Start of Input data

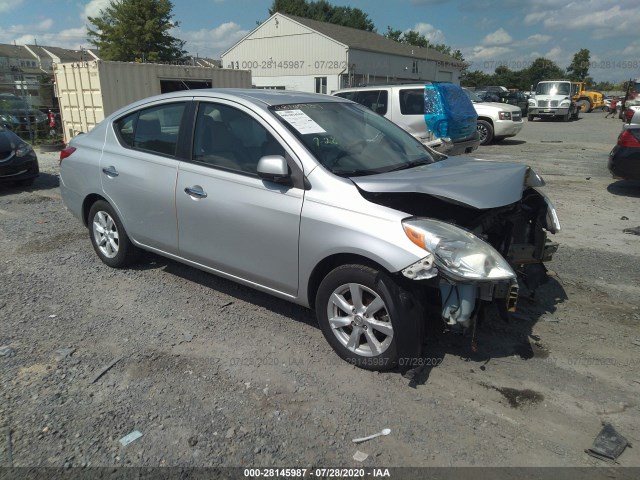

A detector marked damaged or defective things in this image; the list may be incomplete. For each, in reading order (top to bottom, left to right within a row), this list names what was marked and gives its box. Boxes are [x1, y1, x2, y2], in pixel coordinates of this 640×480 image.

damaged front end of car [352, 157, 556, 334]
broken headlight [404, 218, 516, 282]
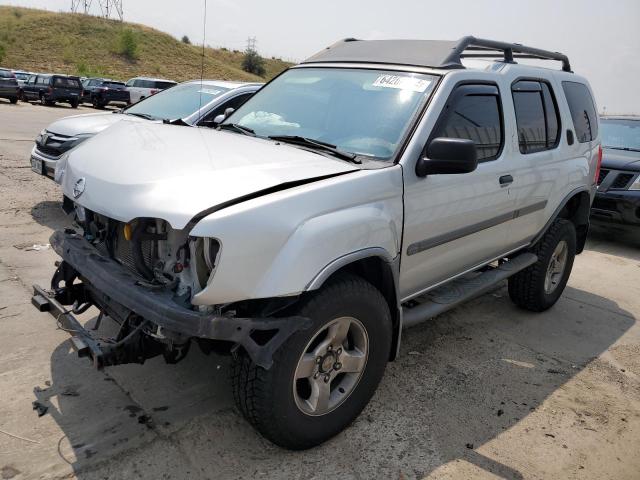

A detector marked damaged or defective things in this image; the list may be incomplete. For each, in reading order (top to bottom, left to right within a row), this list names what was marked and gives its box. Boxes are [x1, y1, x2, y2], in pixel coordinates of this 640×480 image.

damaged front end [31, 225, 310, 372]
broken bumper piece [31, 231, 312, 370]
crumpled front bumper [33, 231, 312, 370]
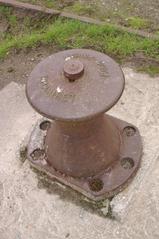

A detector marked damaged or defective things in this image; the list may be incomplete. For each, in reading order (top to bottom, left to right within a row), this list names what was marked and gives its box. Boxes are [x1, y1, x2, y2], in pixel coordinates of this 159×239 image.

rusted bolt head [63, 58, 84, 81]
rusty mooring bollard [26, 49, 143, 201]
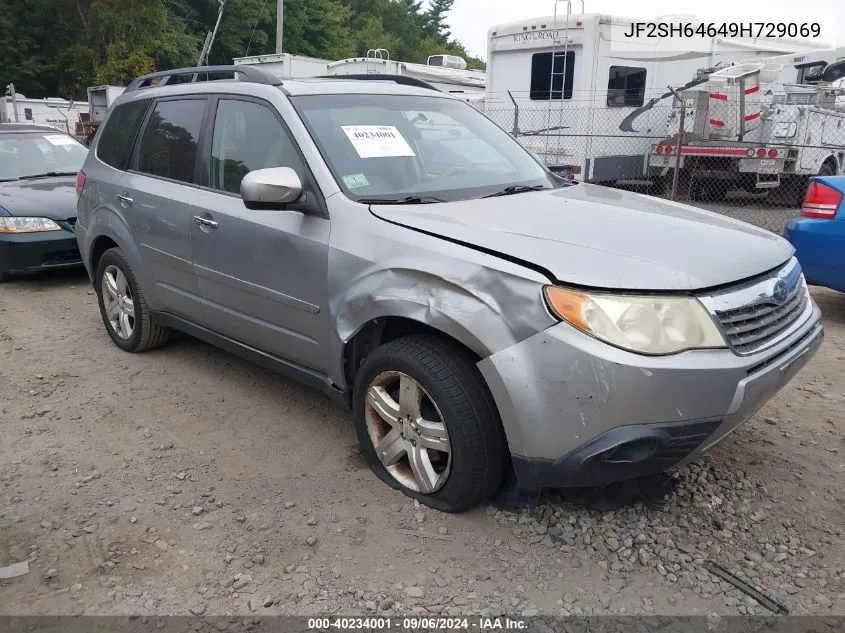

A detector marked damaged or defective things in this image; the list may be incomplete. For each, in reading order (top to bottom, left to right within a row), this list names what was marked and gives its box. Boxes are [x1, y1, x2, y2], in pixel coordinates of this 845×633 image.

dented front quarter panel [324, 195, 552, 388]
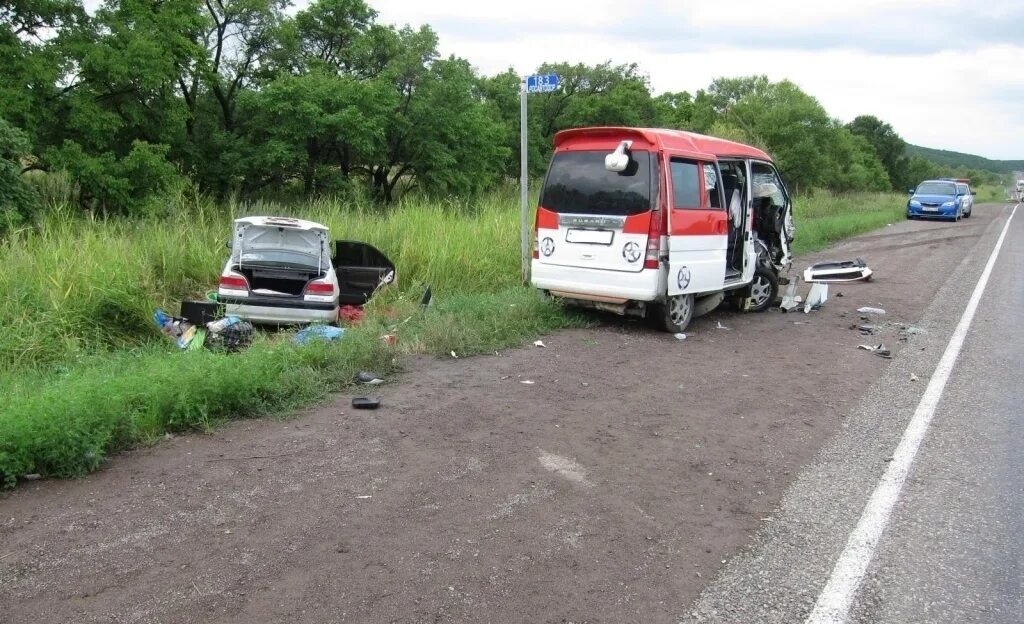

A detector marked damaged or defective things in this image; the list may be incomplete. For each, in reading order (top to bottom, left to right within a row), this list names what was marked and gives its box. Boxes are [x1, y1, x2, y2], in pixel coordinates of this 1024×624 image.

broken plastic debris [802, 282, 827, 311]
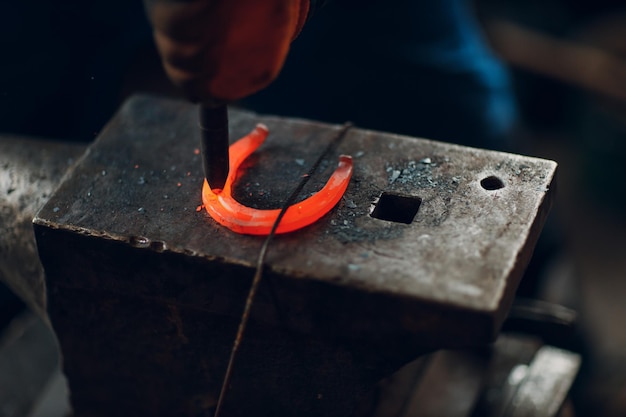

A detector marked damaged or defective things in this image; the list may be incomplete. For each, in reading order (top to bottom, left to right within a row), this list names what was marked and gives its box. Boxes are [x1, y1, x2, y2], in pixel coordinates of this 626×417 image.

rusty metal block [31, 95, 552, 416]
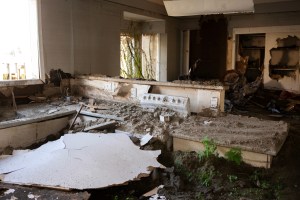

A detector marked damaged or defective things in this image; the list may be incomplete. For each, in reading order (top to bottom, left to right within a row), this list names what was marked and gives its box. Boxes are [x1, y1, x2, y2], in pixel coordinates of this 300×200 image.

broken drywall panel [163, 0, 254, 16]
damaged wall [40, 0, 180, 81]
broken drywall panel [140, 93, 190, 115]
broken drywall panel [0, 133, 164, 189]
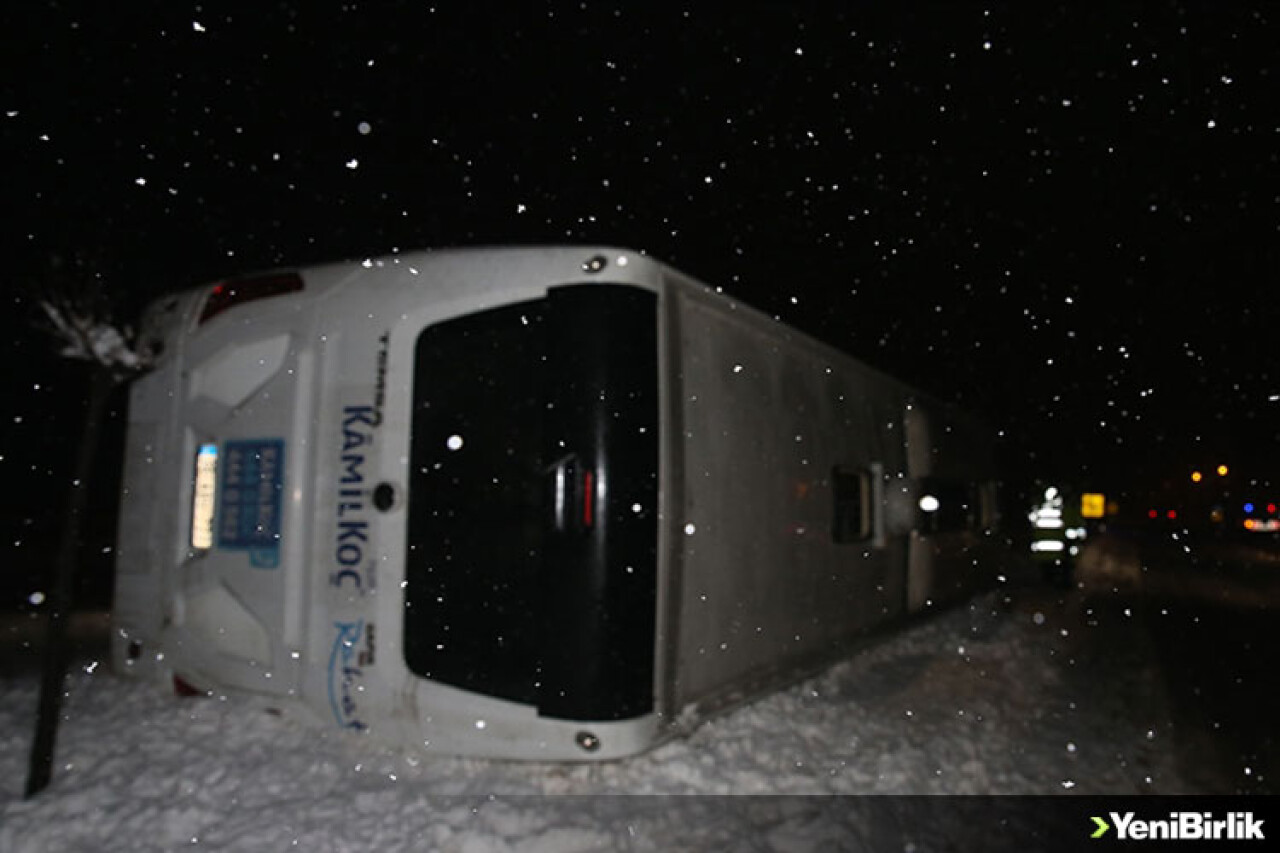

End of Input data

Write the lines from the one with "this 300×200 image." through the last line of the entries out again exactly, both ends included, and skip the pictures.

» Response
A detector marked damaged or defective things in this image; the list may be incomplete. For each, in reading order (top to bottom, left to right within a row), this list names what was marked and gives its box. Boxes are [x1, y1, x2, y2], in pixel coordinates of this 300×200 image.

broken drywall panel [163, 0, 254, 16]
damaged wall [40, 0, 180, 81]
broken drywall panel [140, 93, 190, 115]
broken drywall panel [0, 133, 164, 189]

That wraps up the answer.